Post by ericbarbour » Sun Jan 08, 2023 10:49 pm

Eight of them were dumped this week, including some well-known longtimers (Wordsmith, Tim Vickers, Steve Smith, and Laser brain):

https://en.wikipedia.org/wiki/Wikipedia ... riteria_1)

Which was followed by a long stupid squabble. Those nitwits really don't know what is going on, do they?
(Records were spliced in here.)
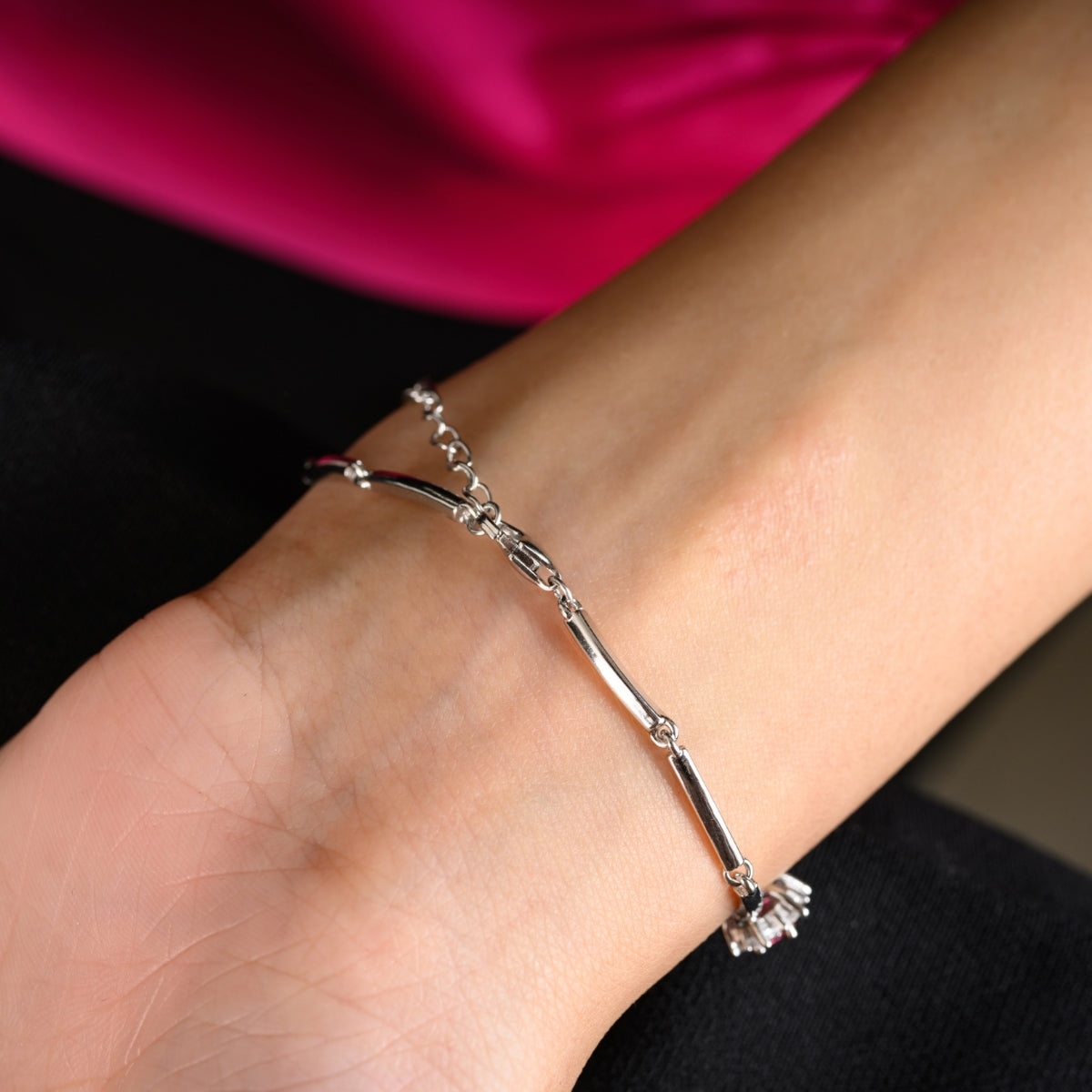 Colorful CZ Diamond Flower Tennis Bracelets for Women in Red, Blue, and Green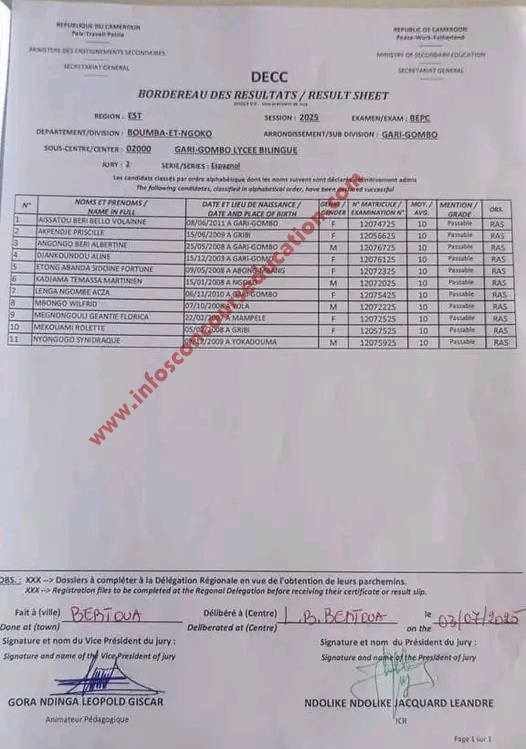 Résultats BEPC 2025 lycée bilingue de GARI-GOMBO 3 Résultats BEPC 2025 lycée bilingue de GARI-GOMBO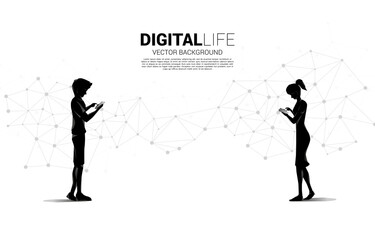 Silhouette of man and woman use mobile phone with futuristic polygon dot connect line background. Concept for remote work from home and technology.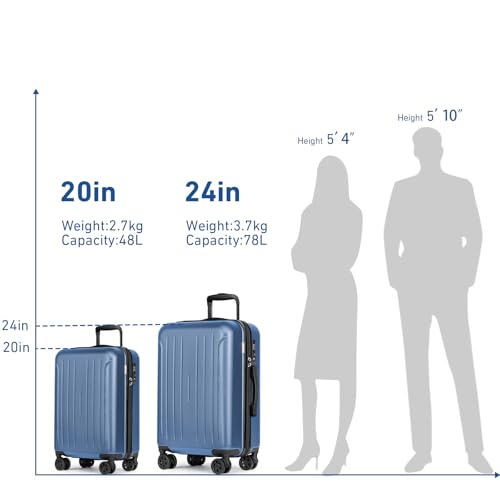 KYME 24-Inch Medium Luggage Checked TSA Approved Suitcase,24",Royalblue - color: Royalblue, size: 24" Checked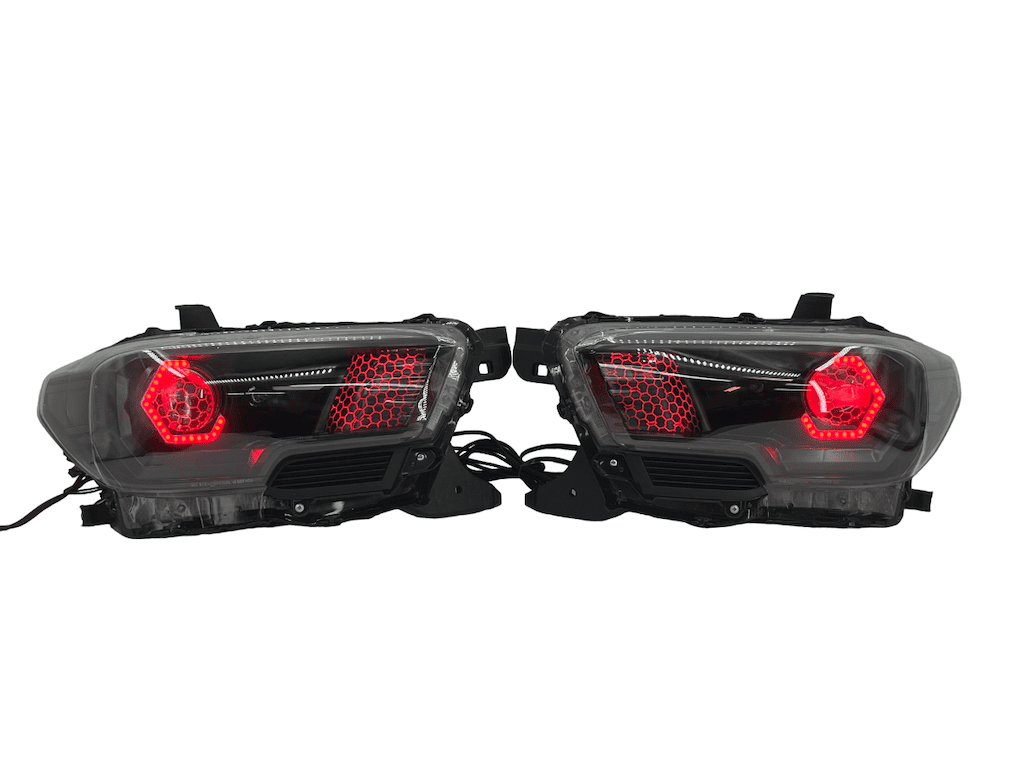 16-20 Toyota Tacoma RGBW Led Custom Halo Projector Black Headlights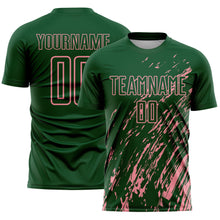 Загрузить изображение в средство просмотра галереи, Custom Green Medium Pink Splash Sublimation Soccer Uniform Jersey
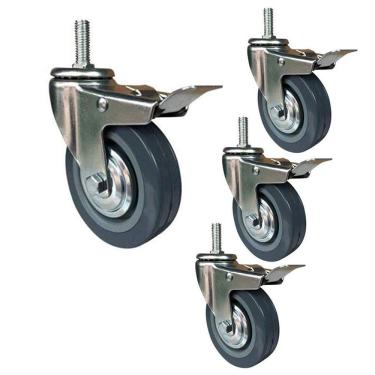 Imagem de 4 Rodas Giratórias Rodas De Rodízio 75 / 100mm Roda De Rodízio Resistente Com Rodízio De Móveis De Carrinho Roscado M10 / M12 Com Freio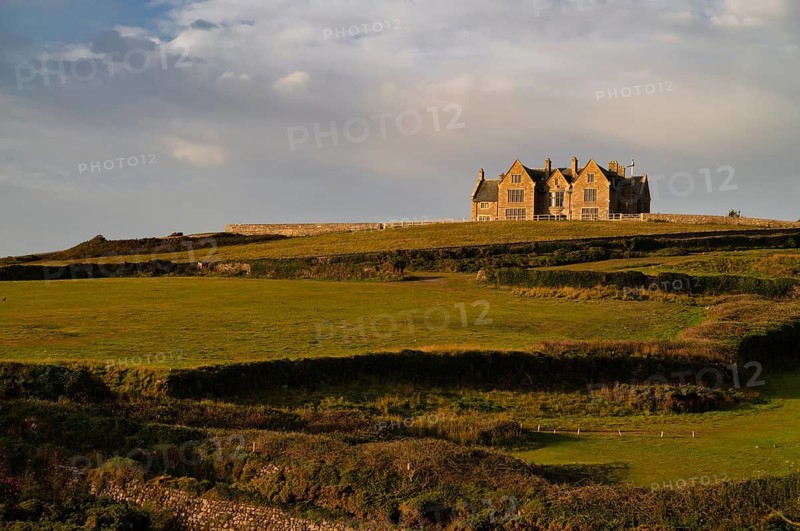 Manor house, Cape Cape Cornwall, evening mood, evening light, St Just in Penwith, Cornwall, England, Great Britain, Great Britain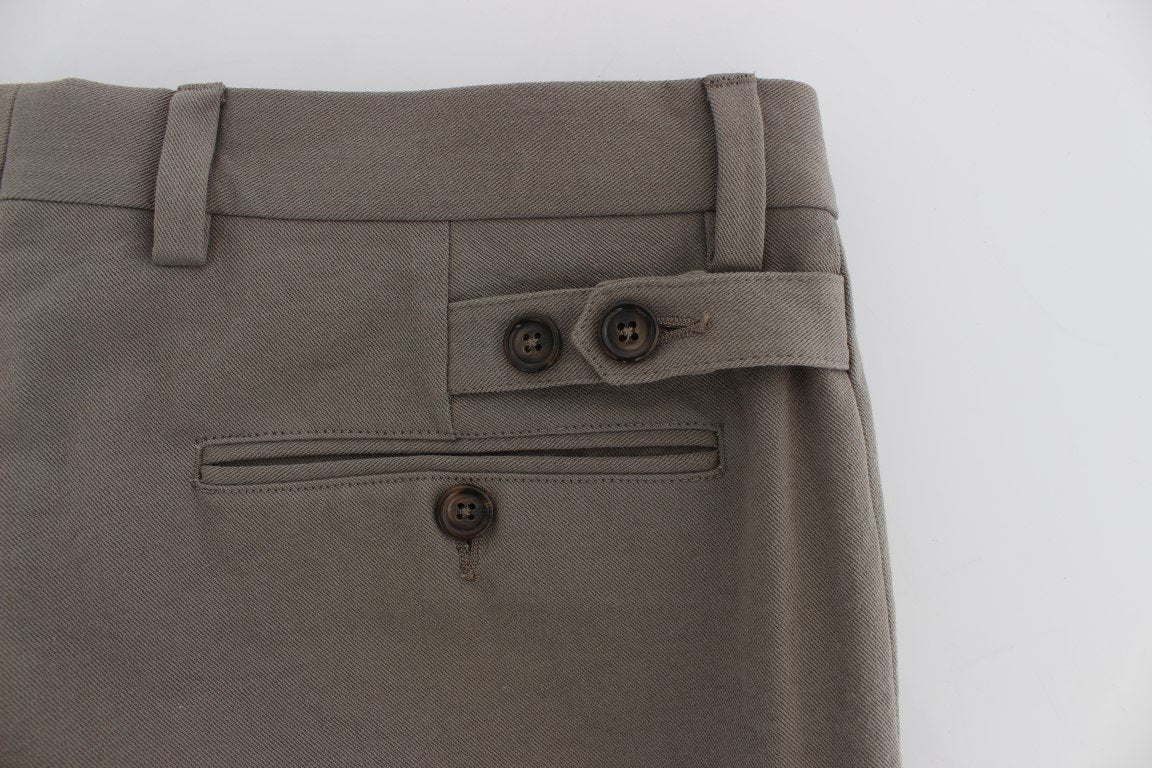 Beige Cotton Chinos Pants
This part was especially disgusting, because Laser brain was notorious for doing a LOT of paid editing for one "special customer":
Sorry to see Laser brain in this list, someone who really flew the “admins who write great content” flag. Ritchie333 (talk) (cont) 09:12, 2 January 2023 (UTC)
Also note the Signpost entry for January 1st.
As of December 30, the number of active administrators for the English-language Wikipedia stands at 497, the year's high point.
In a News and notes column of January this year, we touched on the "Administrator cadre continues to contract" issue. Since then, not much has changed and according to Signpost analysis, this is the first year in modern wikihistory that the number of active administrators never rose above 500. In 2022 the high point for active administrators was 497 compared to 521 in 2021. The low point was 449 on April 4 – compared to 434 in 2021.
During the entire year there were only fourteen new admins, the third lowest since adminship started in 2002. While not as bad as last year's low of seven, and better than the ten in 2018; fourteen a year would only maintain the current admin cadre if the average new admin lasted over thirty years as an admin. We will reiterate our statement from a 2019 special report, and say about all these data "Whether that is a problem, or how a problem would manifest, are questions still to be answered." – Bri
But in a comment below this, someone pointed out that in fact, NINETY-SEVEN admins were dumped in January 2023. Most under "criterion 2", meaning less than 100 edits over 60 months. This is a new policy, started only a few months ago. Chances are good someone will start shrieking about it, some of the dumped admins will demand their "bits" back, and eventually they might reverse the policy--but it might survive. Crazy bastards.

This is DIRE news. A substantial number of the tossed admins were longtime insiders. THE REST SHOULD BE PANICKING. But they're not.

Good evidence that Wikipedia has become so rotten and insane, they don't even notice that their "magical project" is declining. Yet the denial of any "problems" has reached new highs.